**Work order**: When the line with "LED verde 10mm" comes up, set it down and every later line to the end of the data, exactly and without pictures.

[Exercise input Boundary: Start]

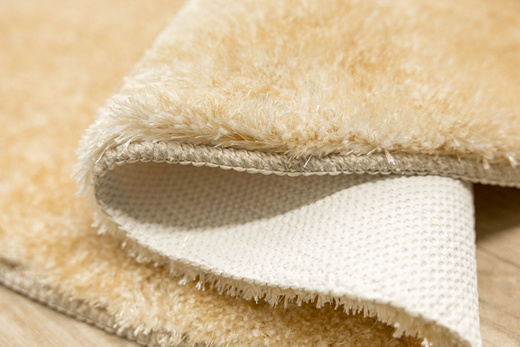 Dywan Okrągły Shaggy Antypoślizgowy Malmo Beż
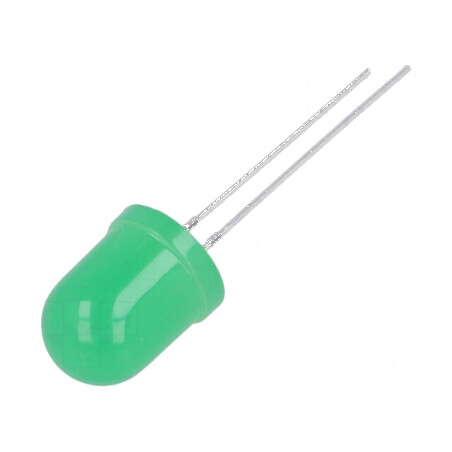 LED verde 10mm 220-330mcd 180° convex | Electronic-mag.ro | Componente Electronice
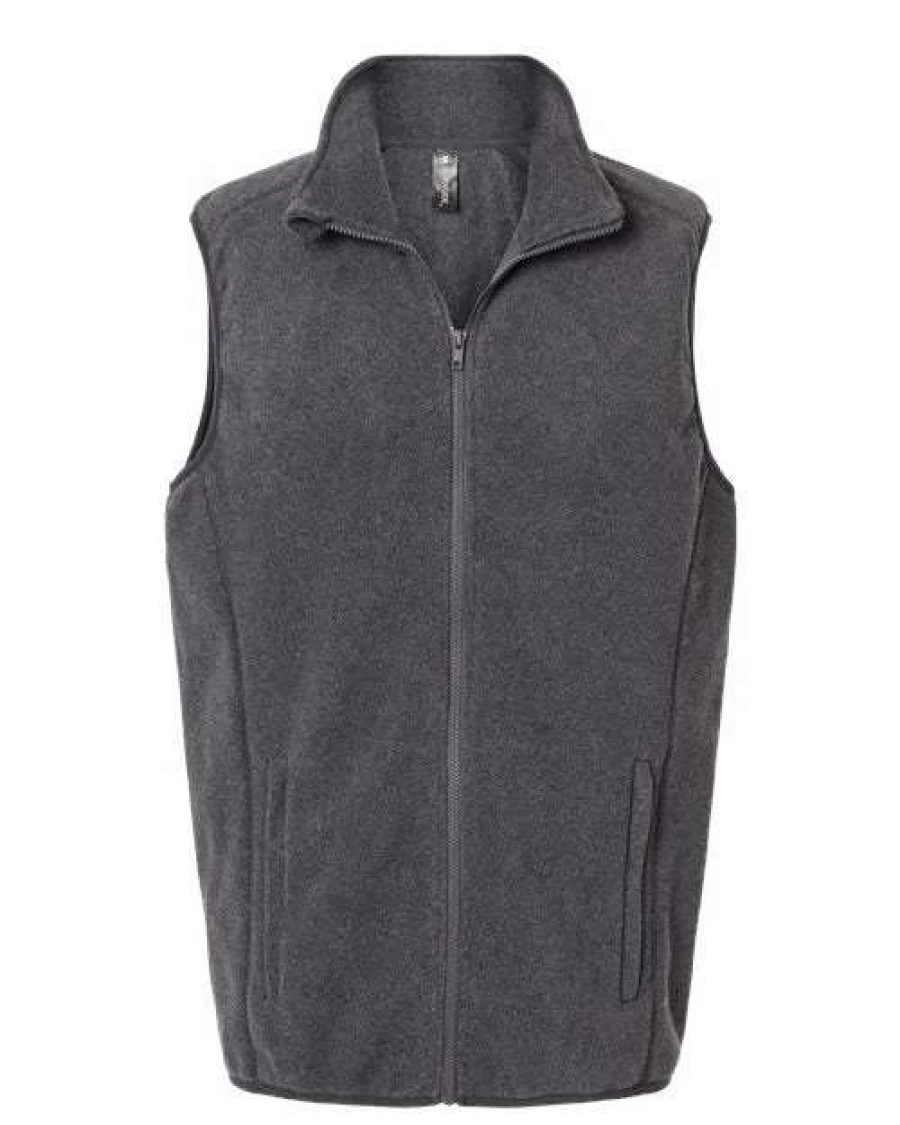 Men's Warm Polar Fleece Vest - Lightweight Winter Insulated Sleeveless Jacket for Outdoor Activities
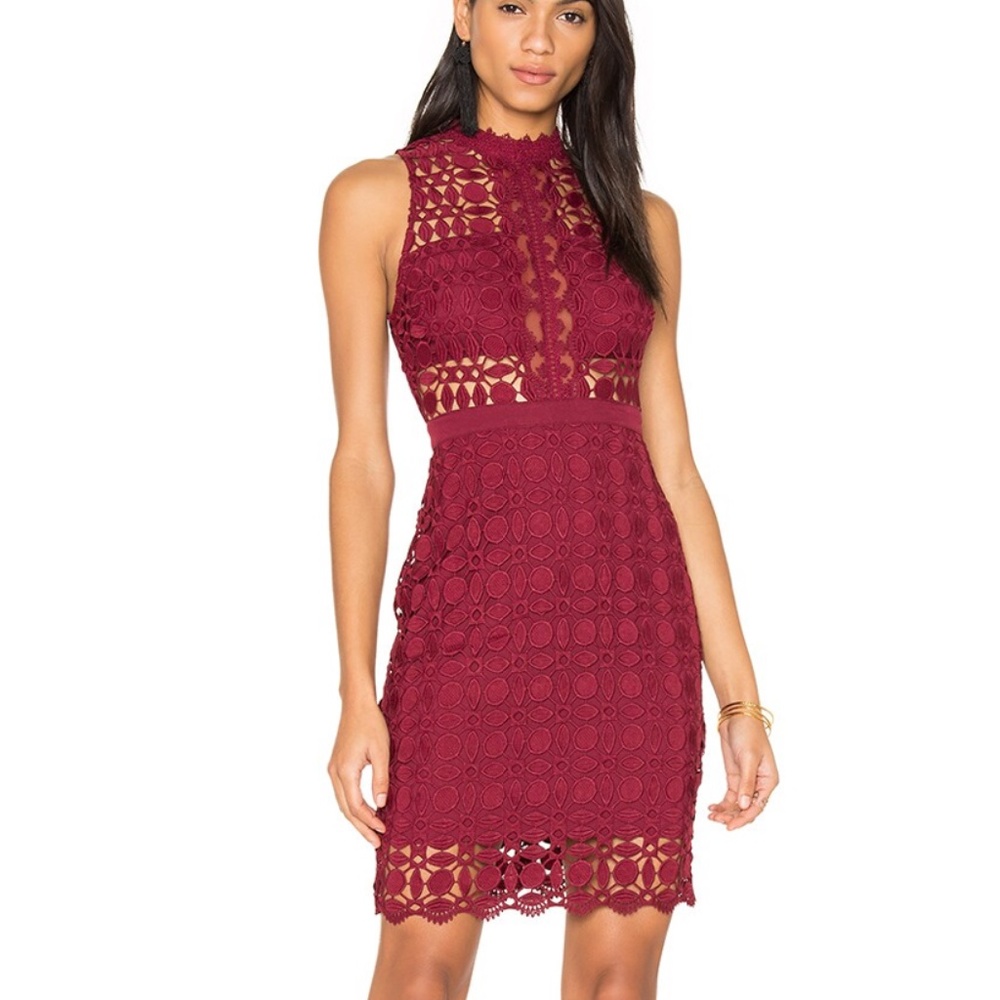 ASTR the Label Vivian Dress Color Wine Size M
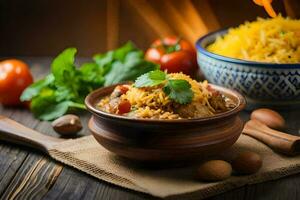 el mejor indio comida en el mundo. generado por ai foto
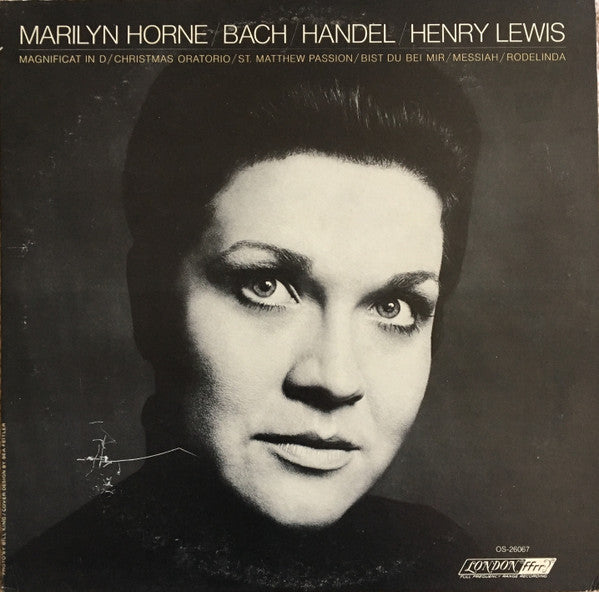 Marilyn Horne / Bach* / Handel* / Henry Lewis - Marilyn Horne Sings Bach And Handel - LP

[Exercise input Boundary: End]

**Finished exercise**:
 LED verde 10mm 220-330mcd 180° convex | Electronic-mag.ro | Componente Electronice
 Men's Warm Polar Fleece Vest - Lightweight Winter Insulated Sleeveless Jacket for Outdoor Activities
 ASTR the Label Vivian Dress Color Wine Size M
 el mejor indio comida en el mundo. generado por ai foto
 Marilyn Horne / Bach* / Handel* / Henry Lewis - Marilyn Horne Sings Bach And Handel - LP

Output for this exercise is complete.